Galerie de personnages

” J’avais envie d’un livre qui commence mal et se termine bien “, nous explique l’auteur de Feel Good, Thomas Gunzig, habitué des récits sombres à la violence sourde, qui entend ici dézinguer les injonctions permanentes au bonheur dont nous bassine la société. Alice abandonne régulièrement Achille devant une tablette quand elle rentre du travail. Elle sait que les magazines préconisent le moins d’écrans possibles. ” Qu’ils aillent se faire foutre avec leurs articles ! “, se déculpabilise-t-elle.

Dans cet ouvrage, le romancier bruxellois rappelle aussi qu’il est un excellent croqueur de personnages, tendant le fil de leur existence de l’enfance jusqu’à l’âge adulte, leur offrant à chacun un ton caractéristique, si riche de références et d’images qu’il les identifie en permanence. ” J’espère que mes personnages ne sont pas archétypaux, se défend Thomas Gunzig. J’ai veillé à les travailler dans la chair. Ils ne se battent pas tant pour le bonheur que pour leur survie. Ils vont tout essayer, même les choses les plus improbables. ”

Ode à la liberté

Nul hasard si Tom est écrivain. ” Moi aussi j’ai choisi de vivre de l’écriture mais j’ai peur tout le temps, parce que c’est un métier trop incertain. ” poursuit Thomas Gunzig. Pourquoi écrire dès lors ? ” Cela offre une qualité de vie. Je suis libre, même si je paye cette liberté. ” Et ce n’est certainement pas pour donner la leçon qu’il enchaîne depuis 20 ans les histoires en formes d’observation sociétale et de satire. Si l’auteur de La vie sauvage et de Mort d’un parfait bilingue se revendique bien d’un chose, c’est de tendre à être un bon raconteur d’histoires, une mission qui détonne quelque peu dans la production littéraire actuelle. ” Aujourd’hui, on a envie de lire un livre avec un sujet (social, politique…). On se fiche de qui écrit. Mais pour moi, le vrai sujet reste l’écriture. Le style et la structure sont l’essence d’un livre. ” ” Les grandes idées ne sont que foutaises “, disait Nabokov.

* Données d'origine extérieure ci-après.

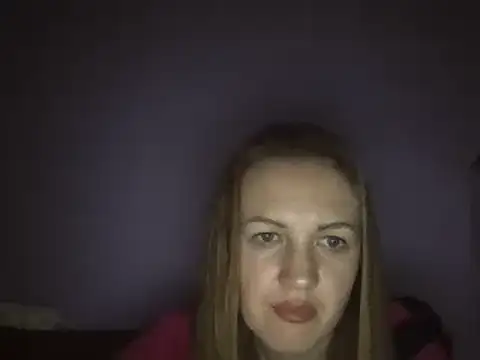 Snapshot of Milaniya261 chatting on March 5, 1:10 am Milaniya261 online show from March 5, 1:10 am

Qu’importe donc les invraisemblances, Thomas Gunzig souhaite provoquer par son écriture la si chère ” suspension consentie de l’incrédulité ” vantée par le poète britannique Coleridge. ” Le roman, c’est le lecteur qui le fait. ” Et de distiller dans son récit quelques éléments de cette réflexion, parlant de la littérature ” telle qu’elle se fait “, en étant animé par des bons et mauvais sentiments, à l’instar de ce qui motive Tom à voler au secours d’Alice. Il a de toute façon déjà renoncé à la gloire… Feel Good résonne ainsi comme une ode à la liberté d’être qui l’on veut, de vivre le bonheur que l’on souhaite.

Thomas Gunzig, ” Feel Good “, éditions Au Diable Vauvert, 400 pages, 20 euros.